[Start of section]

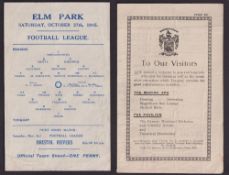Football programmes, two programmes, Reading v Torquay, 27 October 1945 (single sheet) & Torquay v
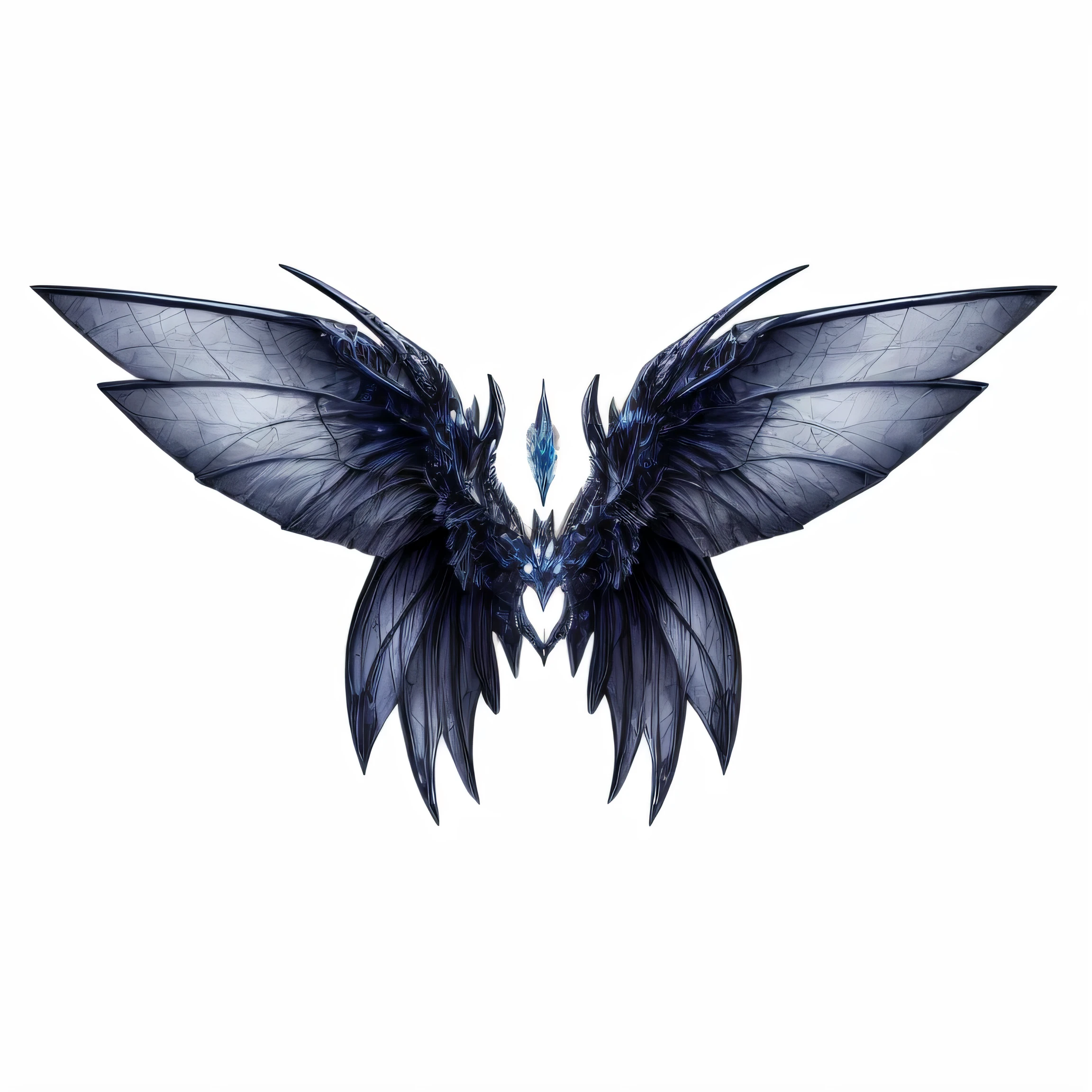 Ice dragon element,bat dragon wings,Navy blue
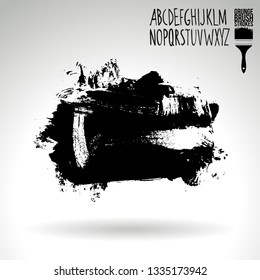Black brush stroke and handwritten alphabet. Grunge vector abstract hand - painted element. Underline and border design.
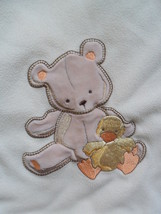 Little Me Bear Baby Blanket Fleece Security Blanket with Tan Bear/Yellow Chick - £14.60 GBP
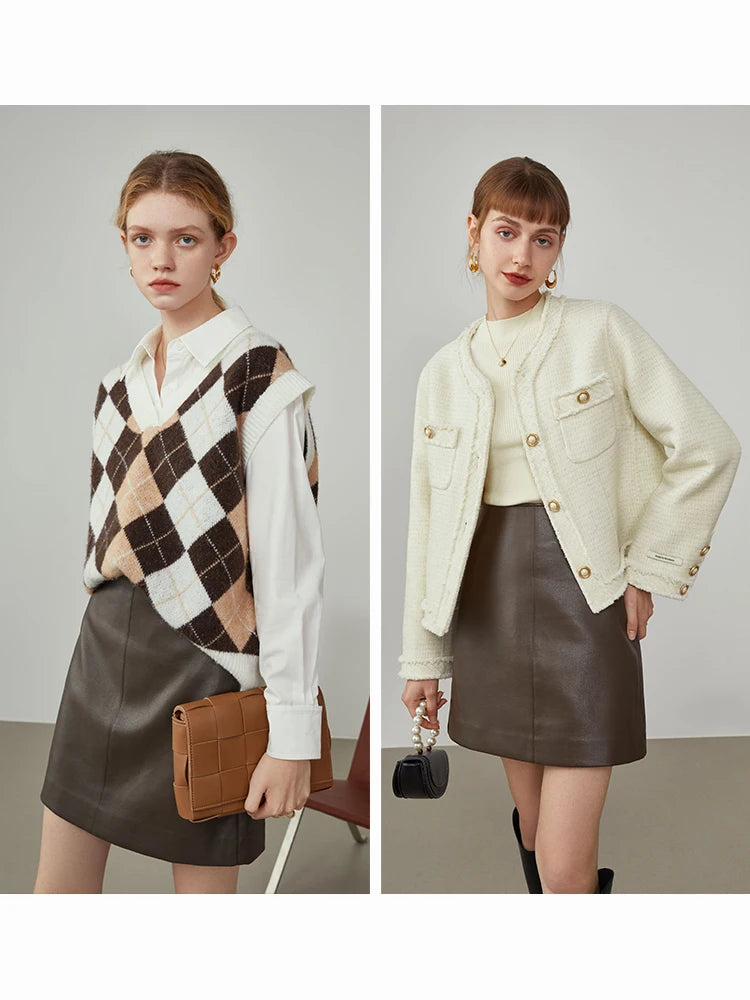 Brown Faux Leather A-Line Mini Skirt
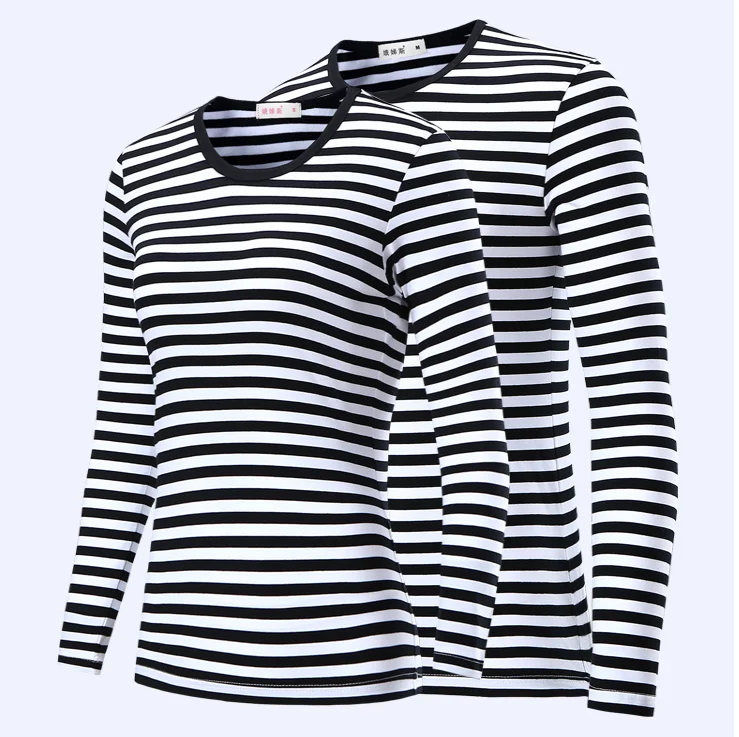 Men t-shirt for men clothing harajuku Women's t-shirt Slim Fit cotton Stripe Long sleeve tshirt Plus Size fashion T-shirts top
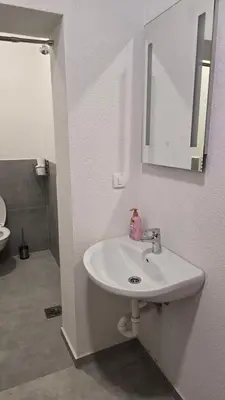 a white bathroom with a sink and a mirror at Apartmaji Despotoski Mojstrana in Mojstrana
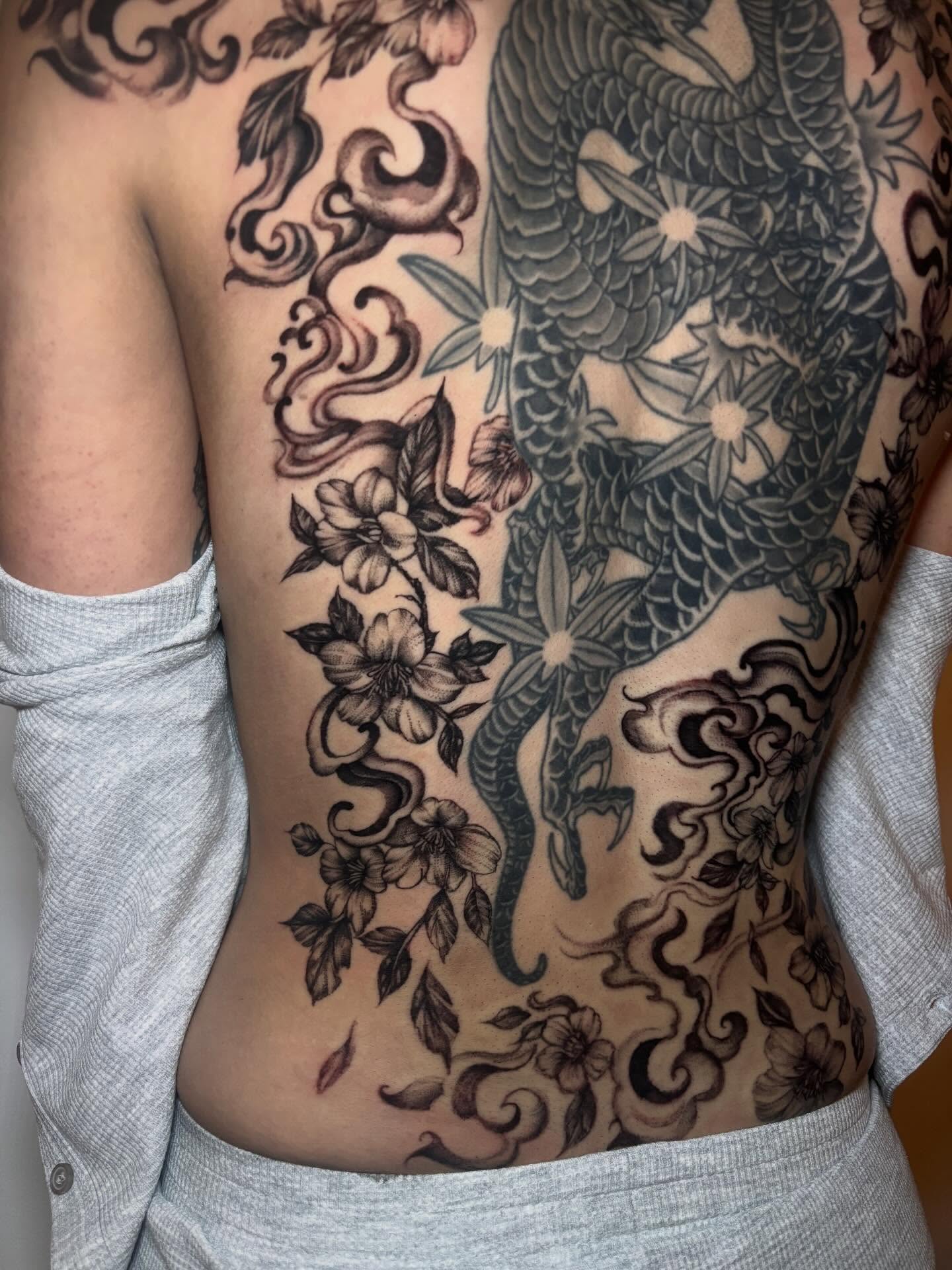 Koi fish and floral japanese irezumi tattoo on the ribs by l i z ✶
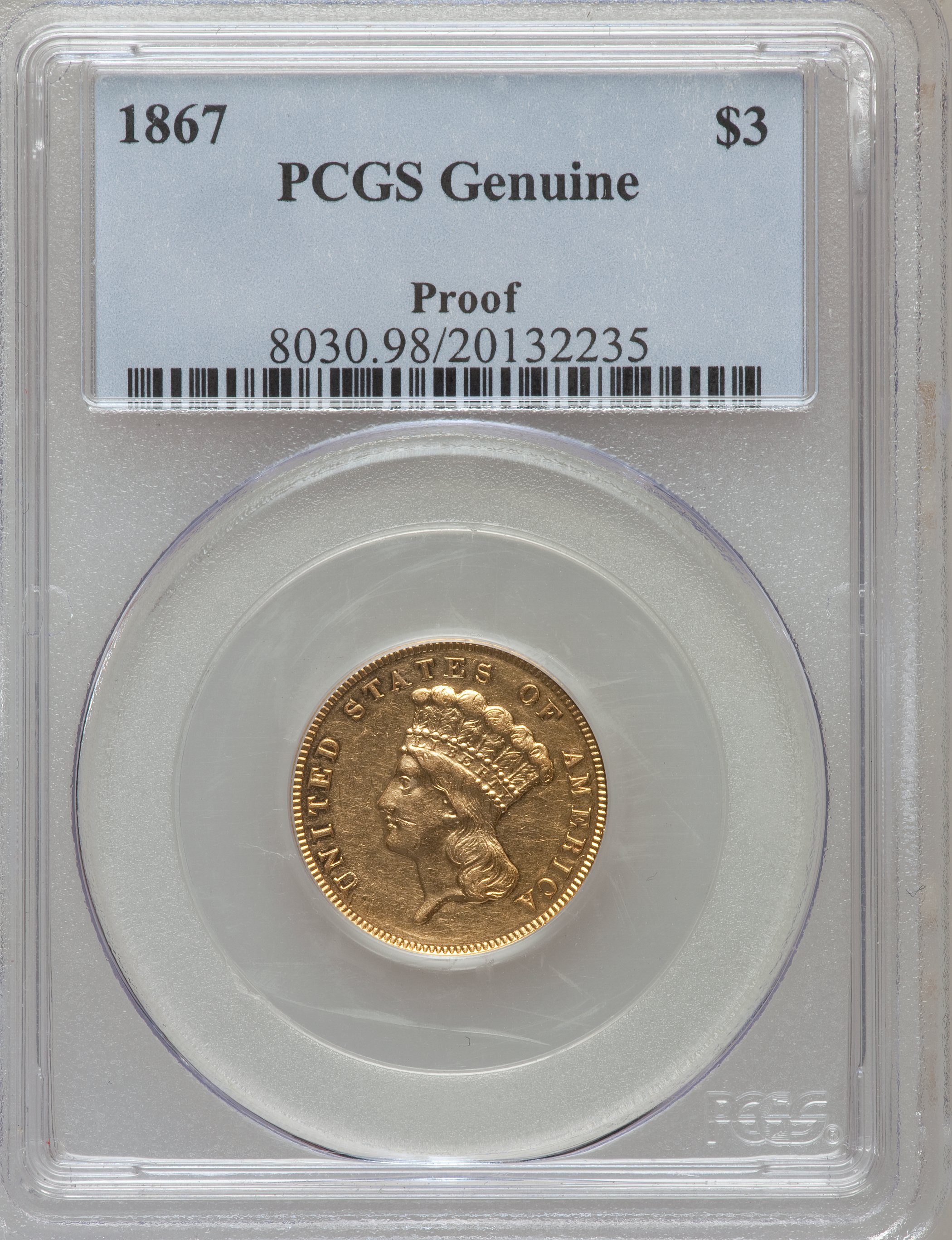 image for: 1867 $3 Genuine PCGS. Proof....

[End of section]

TO DO: Please output an exact repetition of the lines from the line containing "Koi fish and" to the end of the records, both included, with no pictures and no additional text.

ANSWER SECTION:
 Koi fish and floral japanese irezumi tattoo on the ribs by l i z ✶
 image for: 1867 $3 Genuine PCGS. Proof....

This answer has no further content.